Jennifer Peterson, a lawyer for the Environmental Integrity Project, has been involved with a number of suites against local coal plants that have violated permit laws in the Clean Air Act. Many operate under outdated permits that don’t require the same standards as new plants.
“Many power plants are just now turning on their scrubbers,” she said. She also noted the detriment to water that comes from coal plants not only from nitrogen buildup, but also from other toxins that affect people.
“Coal plants are the second largest discharger of toxic metals. Mercury and other metals bioaccumulate and can get into our systems. Currently there is no limit on toxic discharge metals.”
The blue crab disaster declaration provided federal assistant to programs aimed at paying crab harvesters to remove their pots. 30 million dollars was distributed between Virginia and Maryland for programs that would support farmers and rebuild the population of blue crabs.
The Virginia Marine Resources Commission issued a statement in November 2009 saying it would buy back commercial licenses to reduce the amount of blue crabs taken from the bay. 359 licenses will be placed for auction where fishermen can put a bid on a price. The initiative will remove more than 75,000 crab pots from Virginia waters.
Similarly, the Maryland Department of Natural Resources bought back more than 3.500 crab licenses. Approximately one third of the crab licenses are inactive, meaning they have not been used in the past five years but have the potential to be used.
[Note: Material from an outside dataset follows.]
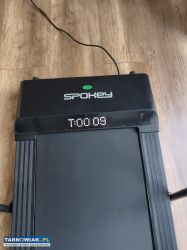 Bieżnia elektryczna spokey - Obrazek 2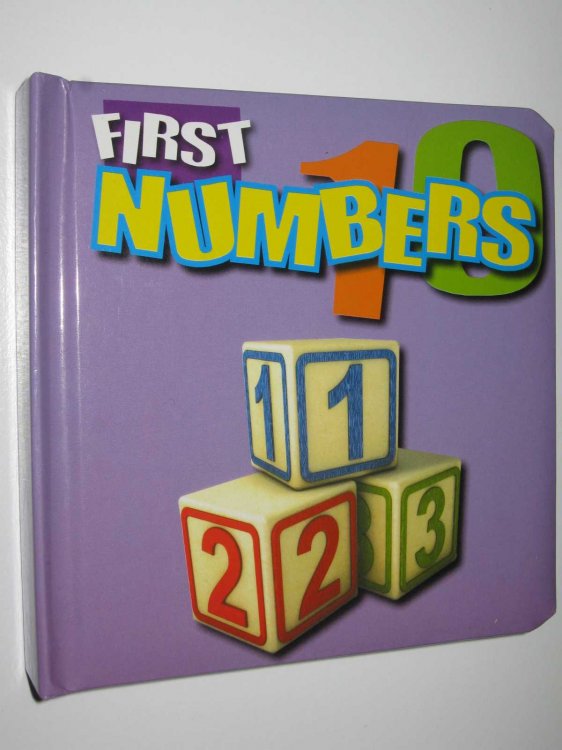 First Numbers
Bull says the community of crab fishers has not responded well to these initiatives because of its direct affect on their livelihood. However, he hopes they approach the issue as a long-term benefit.
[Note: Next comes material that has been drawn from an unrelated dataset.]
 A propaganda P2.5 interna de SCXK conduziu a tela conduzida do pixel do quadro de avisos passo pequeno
“We take the long term approach to get the population up to when it was in the 80s. It’ll benefit both the fishermen and environment, but it’s hard to see that if you’re thinking about your next meal,” he said. “They’re not convinced of the long-term benefits.”
Havemann remains hopeful of initiatives being made my local and natual governments. In particular, the Copenhagen conference could have significant implications for the Chesapeake Bay.
“Copenhagen will affect the bay indirectly if an international renewable energy standard results,” said Havemann. “It would put additional pressure on the senate to pass something. It would not only stop global warming from harming the bay, but it’ll also reduce the demand for coal plants.”